┏━━

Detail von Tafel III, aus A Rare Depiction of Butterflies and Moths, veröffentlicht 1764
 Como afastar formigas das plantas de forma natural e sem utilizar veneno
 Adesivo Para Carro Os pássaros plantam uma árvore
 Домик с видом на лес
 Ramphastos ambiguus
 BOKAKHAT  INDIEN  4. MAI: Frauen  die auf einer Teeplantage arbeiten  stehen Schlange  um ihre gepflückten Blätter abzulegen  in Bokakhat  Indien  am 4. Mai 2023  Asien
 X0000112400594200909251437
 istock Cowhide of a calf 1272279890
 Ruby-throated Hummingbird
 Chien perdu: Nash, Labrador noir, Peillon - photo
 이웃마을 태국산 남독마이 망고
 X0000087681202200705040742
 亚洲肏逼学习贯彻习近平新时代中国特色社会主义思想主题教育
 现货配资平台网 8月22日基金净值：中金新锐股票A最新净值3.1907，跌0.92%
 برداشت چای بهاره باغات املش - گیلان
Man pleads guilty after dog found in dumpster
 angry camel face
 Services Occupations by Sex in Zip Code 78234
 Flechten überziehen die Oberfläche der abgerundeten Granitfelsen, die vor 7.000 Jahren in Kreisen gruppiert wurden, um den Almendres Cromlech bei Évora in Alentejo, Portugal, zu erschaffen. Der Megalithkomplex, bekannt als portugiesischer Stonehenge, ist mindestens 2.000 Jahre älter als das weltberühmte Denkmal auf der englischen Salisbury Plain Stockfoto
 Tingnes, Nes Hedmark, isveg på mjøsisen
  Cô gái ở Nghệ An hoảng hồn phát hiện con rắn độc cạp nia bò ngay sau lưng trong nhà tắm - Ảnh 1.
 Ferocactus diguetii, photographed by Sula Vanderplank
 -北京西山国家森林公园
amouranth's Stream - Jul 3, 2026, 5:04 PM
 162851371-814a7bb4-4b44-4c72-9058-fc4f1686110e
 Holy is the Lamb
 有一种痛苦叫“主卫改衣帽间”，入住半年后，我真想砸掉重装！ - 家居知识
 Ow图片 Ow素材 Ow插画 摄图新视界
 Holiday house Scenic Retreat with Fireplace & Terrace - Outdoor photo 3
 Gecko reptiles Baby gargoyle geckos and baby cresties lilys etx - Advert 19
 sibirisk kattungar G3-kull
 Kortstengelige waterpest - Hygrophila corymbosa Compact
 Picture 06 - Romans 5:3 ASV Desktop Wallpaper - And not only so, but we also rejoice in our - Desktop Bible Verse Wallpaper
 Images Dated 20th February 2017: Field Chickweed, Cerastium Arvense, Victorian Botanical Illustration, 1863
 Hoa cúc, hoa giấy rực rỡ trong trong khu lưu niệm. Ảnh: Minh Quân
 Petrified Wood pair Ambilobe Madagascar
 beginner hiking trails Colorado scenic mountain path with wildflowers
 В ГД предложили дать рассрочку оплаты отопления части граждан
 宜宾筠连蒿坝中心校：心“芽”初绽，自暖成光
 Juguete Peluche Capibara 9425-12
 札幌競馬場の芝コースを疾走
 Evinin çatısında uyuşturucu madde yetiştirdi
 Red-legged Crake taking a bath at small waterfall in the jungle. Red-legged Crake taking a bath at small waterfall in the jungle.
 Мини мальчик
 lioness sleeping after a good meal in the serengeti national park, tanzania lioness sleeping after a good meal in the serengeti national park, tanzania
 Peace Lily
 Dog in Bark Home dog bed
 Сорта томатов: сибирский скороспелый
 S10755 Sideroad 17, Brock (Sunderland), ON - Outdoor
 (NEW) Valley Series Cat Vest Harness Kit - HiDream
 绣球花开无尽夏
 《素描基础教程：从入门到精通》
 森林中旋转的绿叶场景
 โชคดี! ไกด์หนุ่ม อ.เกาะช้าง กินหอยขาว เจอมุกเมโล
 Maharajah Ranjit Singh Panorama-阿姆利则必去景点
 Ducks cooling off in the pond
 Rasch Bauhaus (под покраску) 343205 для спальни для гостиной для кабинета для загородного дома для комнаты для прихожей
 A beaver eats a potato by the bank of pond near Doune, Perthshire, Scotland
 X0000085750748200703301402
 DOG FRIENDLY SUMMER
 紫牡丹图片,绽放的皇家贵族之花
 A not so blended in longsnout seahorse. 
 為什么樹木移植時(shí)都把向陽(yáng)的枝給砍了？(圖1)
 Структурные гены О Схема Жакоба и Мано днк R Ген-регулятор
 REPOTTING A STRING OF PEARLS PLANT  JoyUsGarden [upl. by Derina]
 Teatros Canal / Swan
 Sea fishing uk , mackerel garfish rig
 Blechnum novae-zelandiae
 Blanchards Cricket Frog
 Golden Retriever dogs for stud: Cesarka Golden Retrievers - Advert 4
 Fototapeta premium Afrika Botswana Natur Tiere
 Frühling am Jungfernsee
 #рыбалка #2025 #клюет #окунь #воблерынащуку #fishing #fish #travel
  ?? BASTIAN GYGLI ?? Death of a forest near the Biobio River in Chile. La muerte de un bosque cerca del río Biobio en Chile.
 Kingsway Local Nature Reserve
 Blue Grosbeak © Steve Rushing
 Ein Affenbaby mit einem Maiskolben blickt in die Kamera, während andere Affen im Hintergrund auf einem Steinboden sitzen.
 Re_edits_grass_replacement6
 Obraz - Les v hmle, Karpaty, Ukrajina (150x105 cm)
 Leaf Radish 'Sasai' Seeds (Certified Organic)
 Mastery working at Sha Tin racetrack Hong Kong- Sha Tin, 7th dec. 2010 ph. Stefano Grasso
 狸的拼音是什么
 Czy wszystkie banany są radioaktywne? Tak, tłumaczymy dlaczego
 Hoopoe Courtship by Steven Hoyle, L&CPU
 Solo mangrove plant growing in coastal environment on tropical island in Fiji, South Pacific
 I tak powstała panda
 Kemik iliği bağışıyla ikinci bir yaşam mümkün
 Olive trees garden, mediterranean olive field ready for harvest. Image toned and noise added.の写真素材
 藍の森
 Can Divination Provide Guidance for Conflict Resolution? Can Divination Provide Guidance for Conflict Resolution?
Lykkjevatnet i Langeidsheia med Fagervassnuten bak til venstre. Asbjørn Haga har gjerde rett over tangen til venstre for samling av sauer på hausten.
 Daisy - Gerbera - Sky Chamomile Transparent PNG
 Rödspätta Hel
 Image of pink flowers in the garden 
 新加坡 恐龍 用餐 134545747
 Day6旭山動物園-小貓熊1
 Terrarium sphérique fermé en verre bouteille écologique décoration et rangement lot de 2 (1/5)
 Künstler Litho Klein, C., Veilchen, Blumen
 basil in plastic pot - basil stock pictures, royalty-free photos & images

┗━━

TASK REQUIREMENTS: Copy the data once more. Leave nothing out.

SOLVED PROBLEM:
Detail von Tafel III, aus A Rare Depiction of Butterflies and Moths, veröffentlicht 1764
 Como afastar formigas das plantas de forma natural e sem utilizar veneno
 Adesivo Para Carro Os pássaros plantam uma árvore
 Домик с видом на лес
 Ramphastos ambiguus
 BOKAKHAT  INDIEN  4. MAI: Frauen  die auf einer Teeplantage arbeiten  stehen Schlange  um ihre gepflückten Blätter abzulegen  in Bokakhat  Indien  am 4. Mai 2023  Asien
 X0000112400594200909251437
 istock Cowhide of a calf 1272279890
 Ruby-throated Hummingbird
 Chien perdu: Nash, Labrador noir, Peillon - photo
 이웃마을 태국산 남독마이 망고
 X0000087681202200705040742
 亚洲肏逼学习贯彻习近平新时代中国特色社会主义思想主题教育
 现货配资平台网 8月22日基金净值：中金新锐股票A最新净值3.1907，跌0.92%
 برداشت چای بهاره باغات املش - گیلان
Man pleads guilty after dog found in dumpster
 angry camel face
 Services Occupations by Sex in Zip Code 78234
 Flechten überziehen die Oberfläche der abgerundeten Granitfelsen, die vor 7.000 Jahren in Kreisen gruppiert wurden, um den Almendres Cromlech bei Évora in Alentejo, Portugal, zu erschaffen. Der Megalithkomplex, bekannt als portugiesischer Stonehenge, ist mindestens 2.000 Jahre älter als das weltberühmte Denkmal auf der englischen Salisbury Plain Stockfoto
 Tingnes, Nes Hedmark, isveg på mjøsisen
  Cô gái ở Nghệ An hoảng hồn phát hiện con rắn độc cạp nia bò ngay sau lưng trong nhà tắm - Ảnh 1.
 Ferocactus diguetii, photographed by Sula Vanderplank
 -北京西山国家森林公园
amouranth's Stream - Jul 3, 2026, 5:04 PM
 162851371-814a7bb4-4b44-4c72-9058-fc4f1686110e
 Holy is the Lamb
 有一种痛苦叫“主卫改衣帽间”，入住半年后，我真想砸掉重装！ - 家居知识
 Ow图片 Ow素材 Ow插画 摄图新视界
 Holiday house Scenic Retreat with Fireplace & Terrace - Outdoor photo 3
 Gecko reptiles Baby gargoyle geckos and baby cresties lilys etx - Advert 19
 sibirisk kattungar G3-kull
 Kortstengelige waterpest - Hygrophila corymbosa Compact
 Picture 06 - Romans 5:3 ASV Desktop Wallpaper - And not only so, but we also rejoice in our - Desktop Bible Verse Wallpaper
 Images Dated 20th February 2017: Field Chickweed, Cerastium Arvense, Victorian Botanical Illustration, 1863
 Hoa cúc, hoa giấy rực rỡ trong trong khu lưu niệm. Ảnh: Minh Quân
 Petrified Wood pair Ambilobe Madagascar
 beginner hiking trails Colorado scenic mountain path with wildflowers
 В ГД предложили дать рассрочку оплаты отопления части граждан
 宜宾筠连蒿坝中心校：心“芽”初绽，自暖成光
 Juguete Peluche Capibara 9425-12
 札幌競馬場の芝コースを疾走
 Evinin çatısında uyuşturucu madde yetiştirdi
 Red-legged Crake taking a bath at small waterfall in the jungle. Red-legged Crake taking a bath at small waterfall in the jungle.
 Мини мальчик
 lioness sleeping after a good meal in the serengeti national park, tanzania lioness sleeping after a good meal in the serengeti national park, tanzania
 Peace Lily
 Dog in Bark Home dog bed
 Сорта томатов: сибирский скороспелый
 S10755 Sideroad 17, Brock (Sunderland), ON - Outdoor
 (NEW) Valley Series Cat Vest Harness Kit - HiDream
 绣球花开无尽夏
 《素描基础教程：从入门到精通》
 森林中旋转的绿叶场景
 โชคดี! ไกด์หนุ่ม อ.เกาะช้าง กินหอยขาว เจอมุกเมโล
 Maharajah Ranjit Singh Panorama-阿姆利则必去景点
 Ducks cooling off in the pond
 Rasch Bauhaus (под покраску) 343205 для спальни для гостиной для кабинета для загородного дома для комнаты для прихожей
 A beaver eats a potato by the bank of pond near Doune, Perthshire, Scotland
 X0000085750748200703301402
 DOG FRIENDLY SUMMER
 紫牡丹图片,绽放的皇家贵族之花
 A not so blended in longsnout seahorse. 
 為什么樹木移植時(shí)都把向陽(yáng)的枝給砍了？(圖1)
 Структурные гены О Схема Жакоба и Мано днк R Ген-регулятор
 REPOTTING A STRING OF PEARLS PLANT  JoyUsGarden [upl. by Derina]
 Teatros Canal / Swan
 Sea fishing uk , mackerel garfish rig
 Blechnum novae-zelandiae
 Blanchards Cricket Frog
 Golden Retriever dogs for stud: Cesarka Golden Retrievers - Advert 4
 Fototapeta premium Afrika Botswana Natur Tiere
 Frühling am Jungfernsee
 #рыбалка #2025 #клюет #окунь #воблерынащуку #fishing #fish #travel
  ?? BASTIAN GYGLI ?? Death of a forest near the Biobio River in Chile. La muerte de un bosque cerca del río Biobio en Chile.
 Kingsway Local Nature Reserve
 Blue Grosbeak © Steve Rushing
 Ein Affenbaby mit einem Maiskolben blickt in die Kamera, während andere Affen im Hintergrund auf einem Steinboden sitzen.
 Re_edits_grass_replacement6
 Obraz - Les v hmle, Karpaty, Ukrajina (150x105 cm)
 Leaf Radish 'Sasai' Seeds (Certified Organic)
 Mastery working at Sha Tin racetrack Hong Kong- Sha Tin, 7th dec. 2010 ph. Stefano Grasso
 狸的拼音是什么
 Czy wszystkie banany są radioaktywne? Tak, tłumaczymy dlaczego
 Hoopoe Courtship by Steven Hoyle, L&CPU
 Solo mangrove plant growing in coastal environment on tropical island in Fiji, South Pacific
 I tak powstała panda
 Kemik iliği bağışıyla ikinci bir yaşam mümkün
 Olive trees garden, mediterranean olive field ready for harvest. Image toned and noise added.の写真素材
 藍の森
 Can Divination Provide Guidance for Conflict Resolution? Can Divination Provide Guidance for Conflict Resolution?
Lykkjevatnet i Langeidsheia med Fagervassnuten bak til venstre. Asbjørn Haga har gjerde rett over tangen til venstre for samling av sauer på hausten.
 Daisy - Gerbera - Sky Chamomile Transparent PNG
 Rödspätta Hel
 Image of pink flowers in the garden 
 新加坡 恐龍 用餐 134545747
 Day6旭山動物園-小貓熊1
 Terrarium sphérique fermé en verre bouteille écologique décoration et rangement lot de 2 (1/5)
 Künstler Litho Klein, C., Veilchen, Blumen
 basil in plastic pot - basil stock pictures, royalty-free photos & images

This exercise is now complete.